Frisamos, como terceiro princípio, que a paz e o cuidado com o próximo são balizadores nas decisões. Buscar a verdade a qualquer custo, como se resultasse de uma aventura épica, pode causar muita dor e sofrimento a si mesmo e a outros. Por outro lado, a revelação maior é fruto do amor de Deus que se manifestou ao mundo (João 3:16), de forma que todos que a recebem tenham a vida, e participem da verdade inclusiva. Por isso, na trajetória da vida com justiça não atropelamos, não abandonamos, não sufocamos, mas buscamos o crescimento coletivo, como aconselha o apóstolo Paulo "Sigamos, pois, as coisas que servem para a paz e para a edificação de uns para com os outros" (Romanos 14:19).
É preciso destacar que a vida encontra sua plenitude em Deus, seu criador, que não compactua com a maldade, como nas palavras do salmista: "Como é feliz aquele que não segue o conselho dos ímpios, não imita a conduta dos pecadores, nem se assenta na roda dos zombadores! Ao contrário, sua satisfação está na lei do Senhor, e nessa lei medita dia e noite" (Salmos 1:1-2). Neste sentido, a limitação da impiedade se coloca como quarto princípio divino para  olhar com bondade e viver com justiça.
Outro princípio encontra-se na necessária proteção aos humildes. Atualmente, o princípio da hipossuficiência é garantido em lei em alguns casos, e jurisdicionalmente reconhecido nos tribunais. Por isso, aqui se coloca como o quinto princípio de modo a olhar com bondade e viver com justiça, a exemplo do que alerta o salmista: "Até quando vocês vão absolver os culpados e favorecer os ímpios? Garantam justiça para os fracos e para os órfãos; mantenham os direitos dos necessitados e dos oprimidos. Livrem os fracos e os pobres; libertem-nos das mãos dos ímpios" (Salmos 82:1-3). 
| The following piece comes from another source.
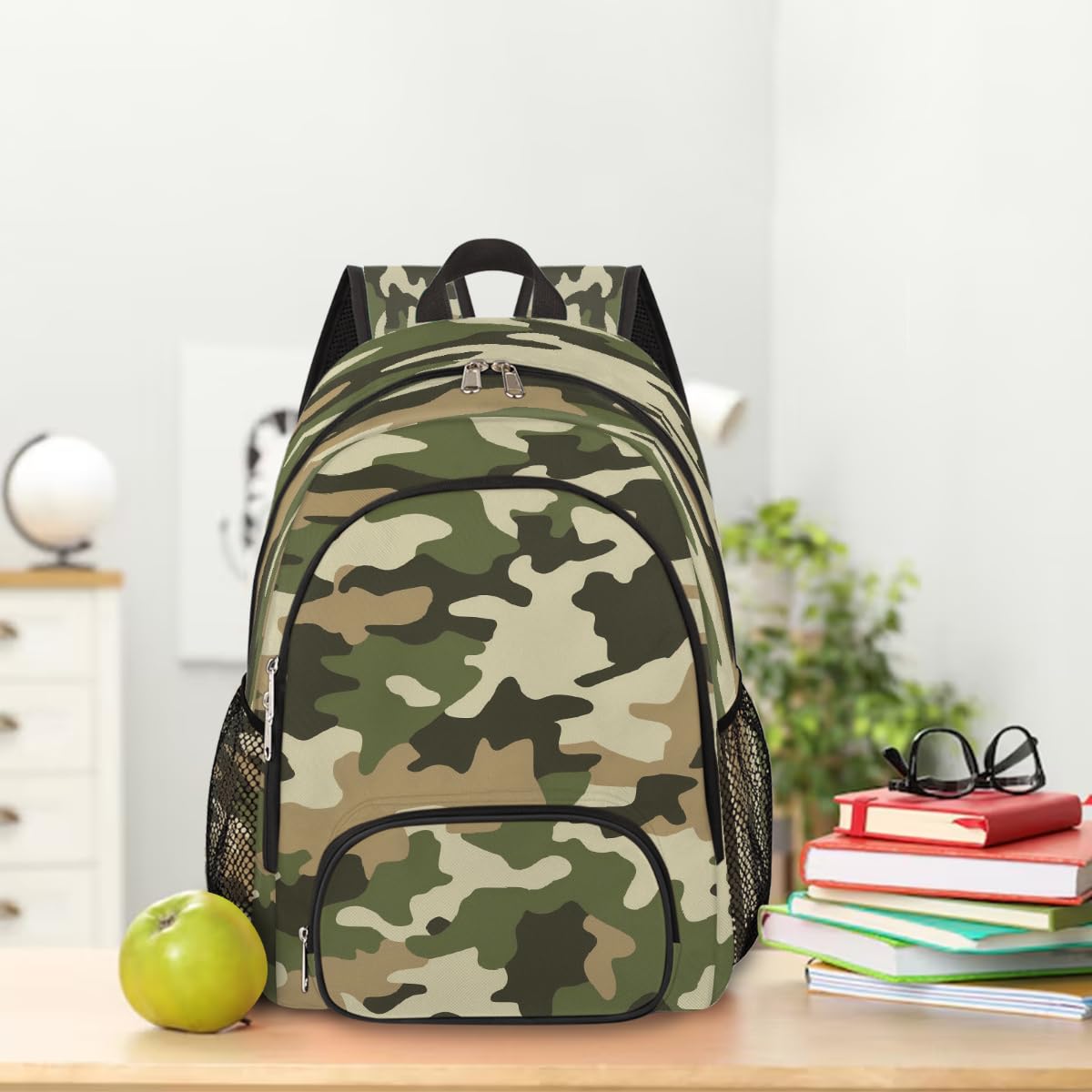 Mexpekil Zaino scolastico per ragazzi e ragazze, motivo mimetico mimetico, zaino per la scuola elementare, leggero, zaino per computer portatile, zaino casual per bambini e ragazzi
Por fim, Paulo aponta o sexto e último princípio aqui examinado, ao orientar que sejamos revestidos de amor para aperfeiçoar os vínculos, nomeando a paz de Cristo como o juiz nos corações (Colossenses 3:14-15). Isto quer dizer que ao estabelecer as relações  no amor oferecido por Jesus, haverá paz nas decisões, escolhas e julgamentos, conforme aponta Paulo: "E também faço esta oração: que o vosso amor aumente mais e mais em pleno conhecimento e toda a percepção, para aprovardes as coisas excelentes e serdes sinceros e inculpáveis para o Dia de Cristo, cheios do fruto de justiça, o qual é mediante Jesus Cristo, para a glória e louvor de Deus" (Filipenses 1:9-11).
Concluindo, enfatizamos que julgar é necessário, mesmo implicando em muitos dilemas, desafios e desgastes. Os princípios divinos aqui apontados não são os únicos e, portanto,  outros critérios bíblicos podem ajudar neste difícil processo, afinal, como orienta o sábio Salomão: "O que começa o pleito parece justo, até que vem o outro e o examina" (Provérbios 18:17).